Fine-grained SMT on the GPU

Nick

Veteran
Hi all,

I've been trying to understand the new GPU architectures' implementation details, and while I think I grasp the bulk of it, I'm curious about the SMT capabilities.

Say we have a pixel shader full of MAD instructions, and a vertex shader full of special-function instructions, do they execute concurrently and maximize ALU usage? Likewise, if the top half of a pixel shader is full of MAD instructions, and the bottom half is full of special-function instructions, and hard dependencies exist between the parts, do other batches of pixels (i.e. threads) increase ALU utilization?

Or is this form of 'Hyper-Threading' still a CPU-only feature (to be reintroduced by Nehalem)? If it is, what can be excpected for the foreseeable future?

Thanks,

Nicolas

Edit: Since Arun clarified that ADD and MUL use the same ALU (at least on G80), I've changed the example to MAD and special-function.
 
Last edited by a moderator:
There are [generally] two major types of SMT implementations -- one, like Hyper Threading, aimed to actually fill the pipeline gaps of potentially unused resources (thin of a long pipeline) and the other found in much more simple architectures (SUN's Niagara) targeting to cover instruction/operation dependences in a relatively short and in-order (eg. simple) pipe.

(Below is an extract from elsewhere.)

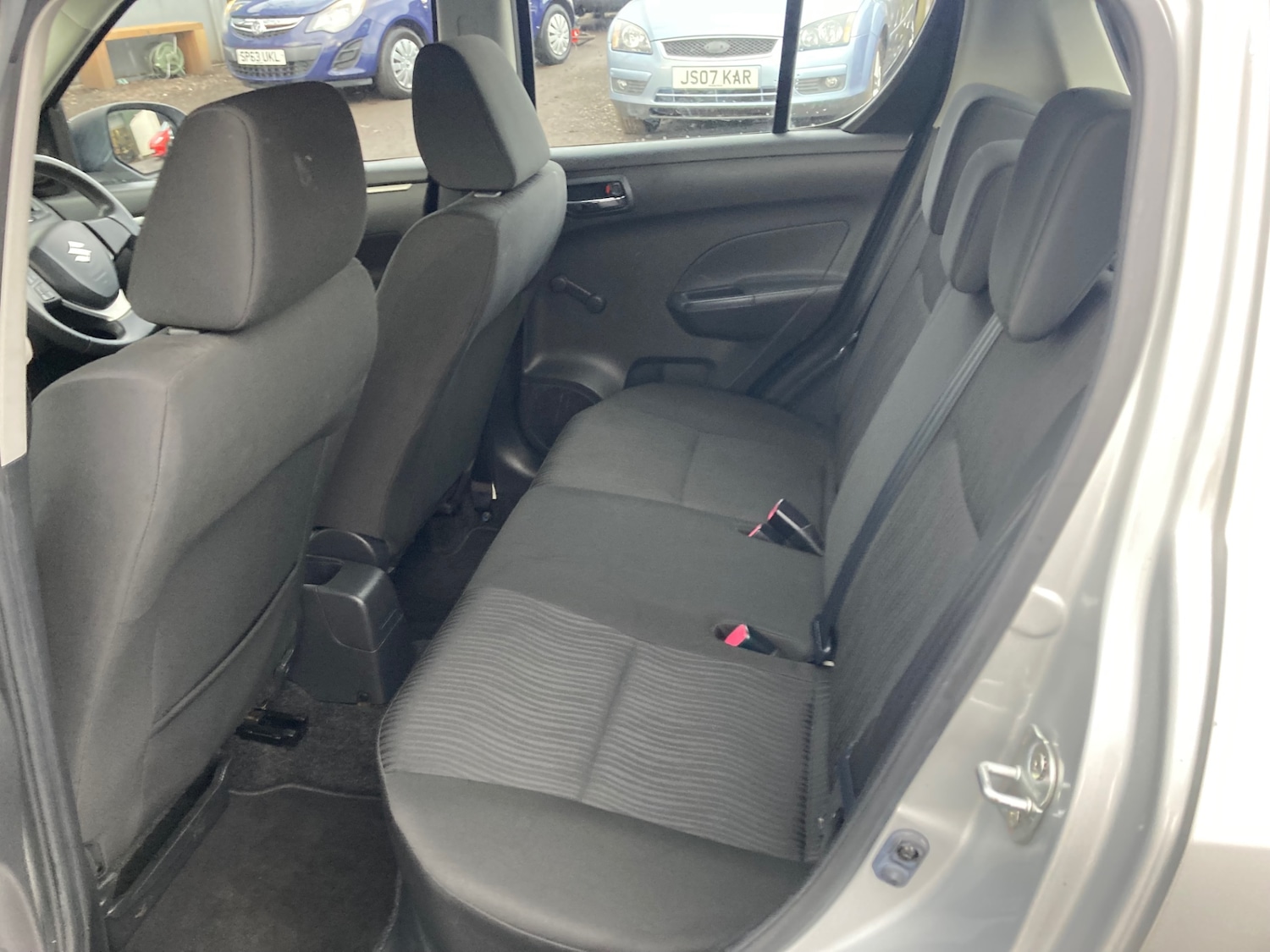 Used Suzuki Swift 2011 for sale - 77264671: Photo 7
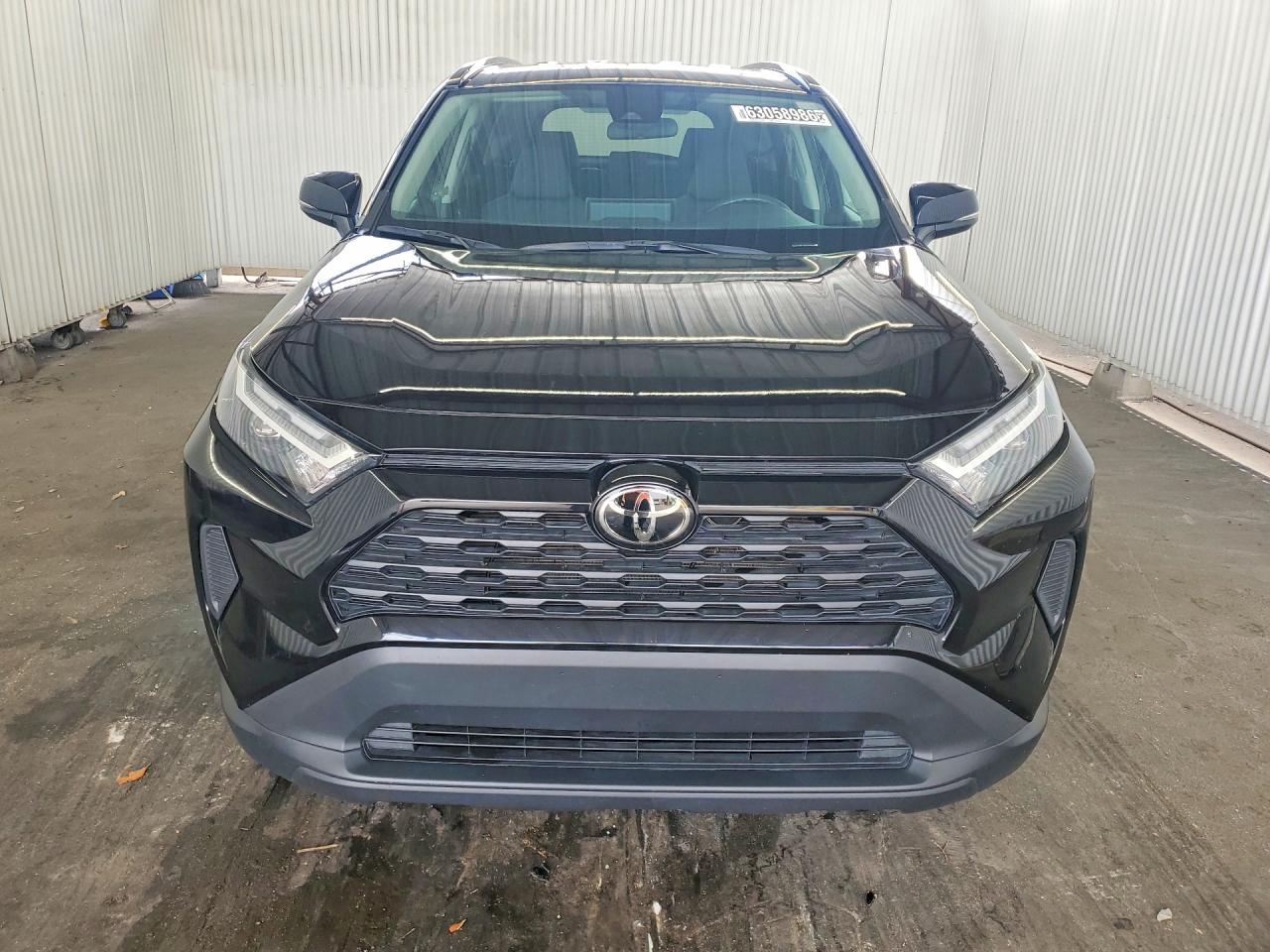 2025 TOYOTA RAV4 XLE — снимка 5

The last one is more attractive, because of the prospect of supporting much more "virtual" threads in-flight on a shared resource in a heavily threaded environment.
It's all about code nature and the compiler output.
 
The MAD is a single instruction executed in a single unit; I'm not aware of any architecture that benefits from SMT in that scenario :) If the unit was divided in two, you'd obviously need 6 registers per clock, rather than 4. Also, scheduling complexity in general would be higher, you'd need more threads being handled at the same time, etc. - it really doesn't make sense for a GPU to do that, imo.

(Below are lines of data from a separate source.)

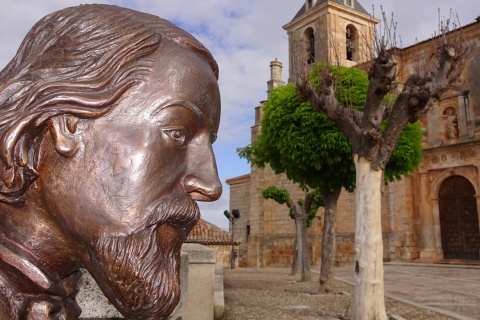 Monumento a José Zorrilla, em frente à Colegiada de San Pedro, em Lerma (Burgos, Castilla y León)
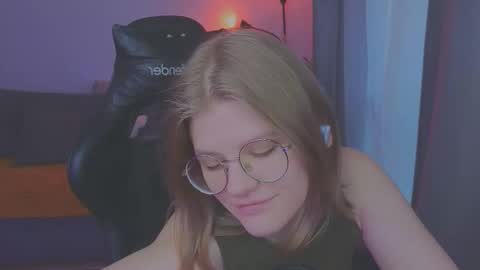  JessieVibes online show from March 2026 03:15:02 PM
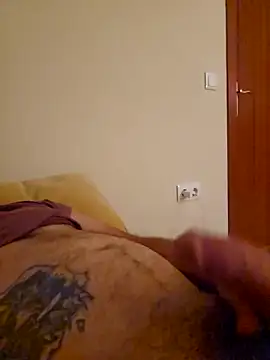 Snapshot of SuperDotadoX29 chatting on 04-05-26, 04:53 SuperDotadoX29 online show from 04-05-26, 04:53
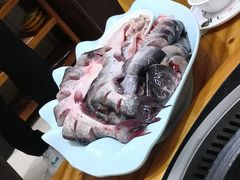 -老刘生态大鱼坊铁锅炖鱼(赛马场店)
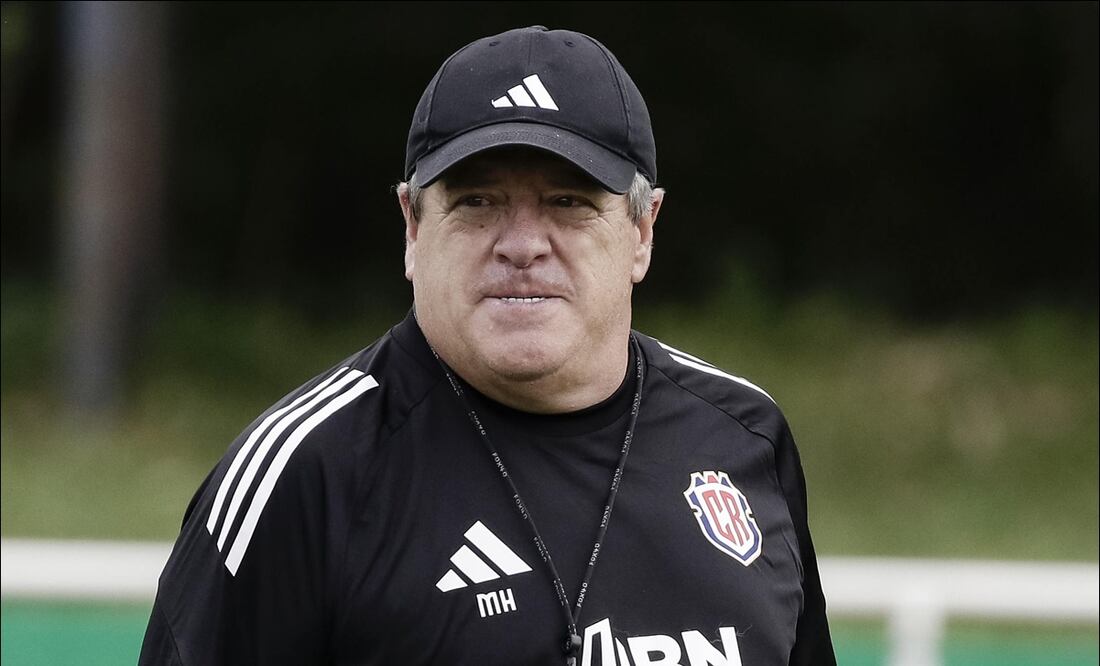 Miguel Herrera, durante un entrenamiento de Costa Rica. FOTO: EFE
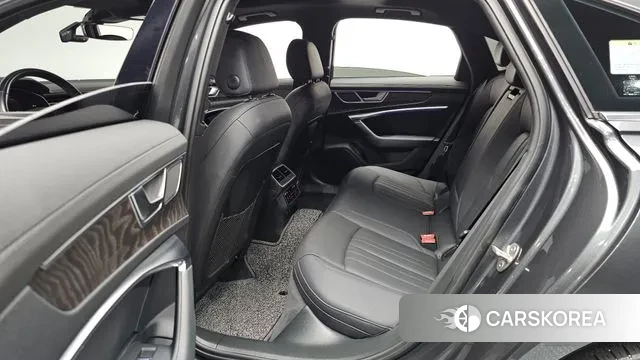 Audi A6 (C8) 2023 Серый из Кореи, фото 2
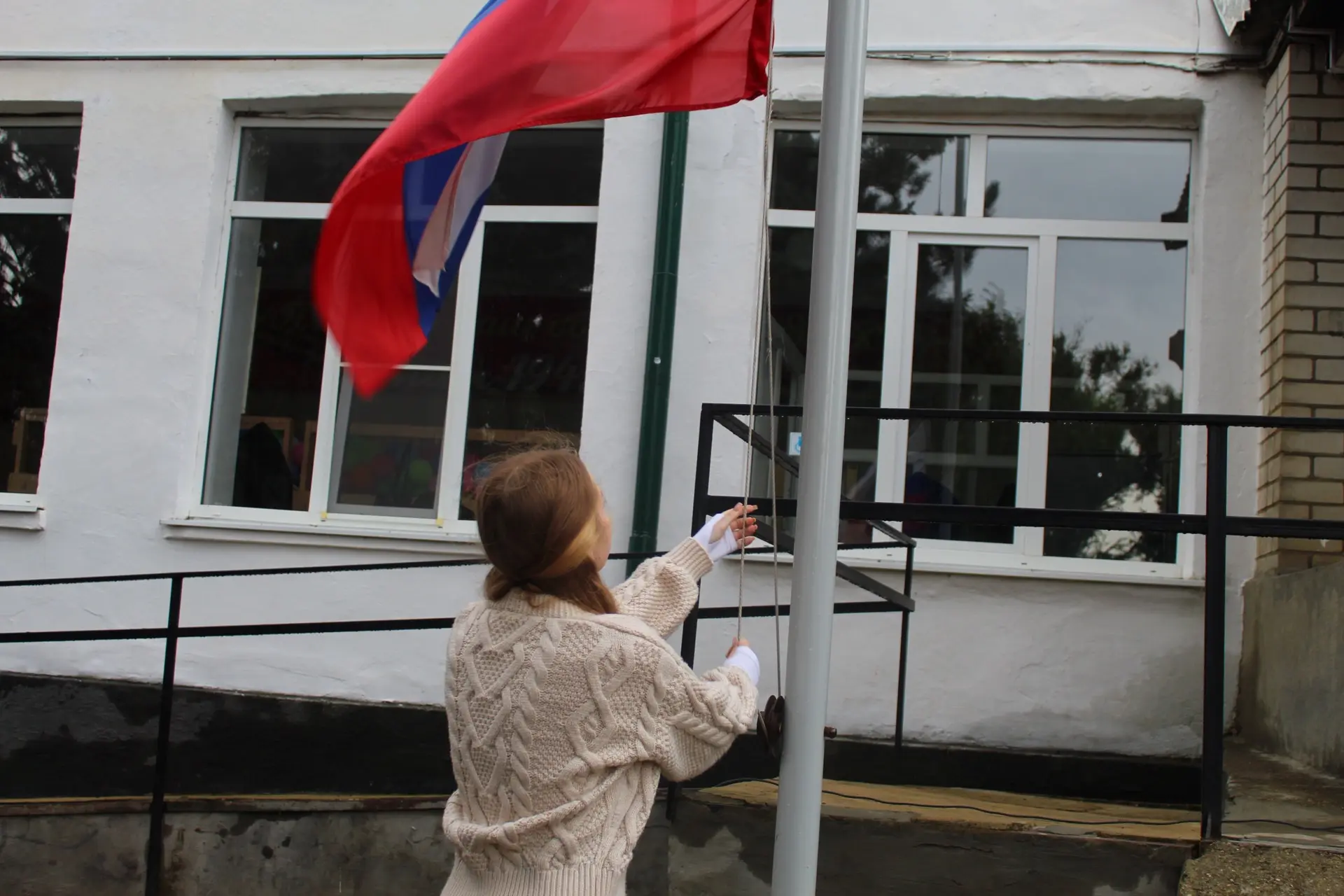 Мы снова делаем шаг — и гордо поднимаем флаг нашего государства!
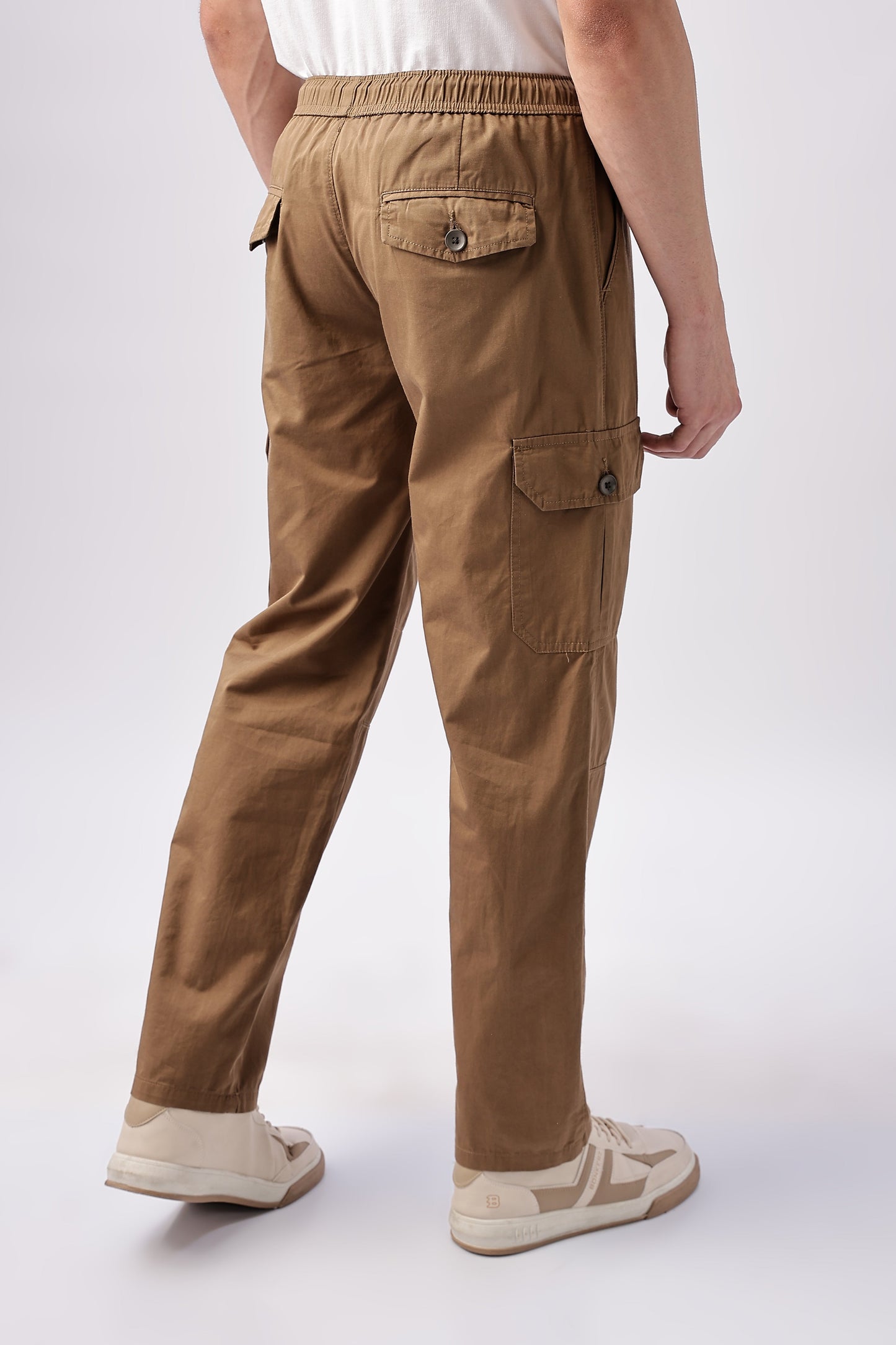 Men Relaxed Fit Air Cargo-Brown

And to follow on what fellix said, if you divide SMT that way, you could argue that GPUs are like even more exotic versions of Niagara with ultra-wide FPUs. (okay, it's a stretch, I know!)
 
There are [generally] two major types of SMT implementations -- one, like Hyper Threading, aimed to actually fill the pipeline gaps of potentially unused resources (thin of a long pipeline) and the other found in much more simple architectures (SUN's Niagara) targeting to cover instruction/operation dependences in a relatively short and in-order (eg. simple) pipe. The last one is more attractive, because of the prospect of supporting much more "virtual" threads in-flight on a shared resource in a heavily threaded environment.
How are these fundamentally different? As far as I can tell they're both the same kind of SMT, and the difference is really the out-of-order or in-order nature of the architecture. Or am I missing some crucial difference between these two that affects SMT itself?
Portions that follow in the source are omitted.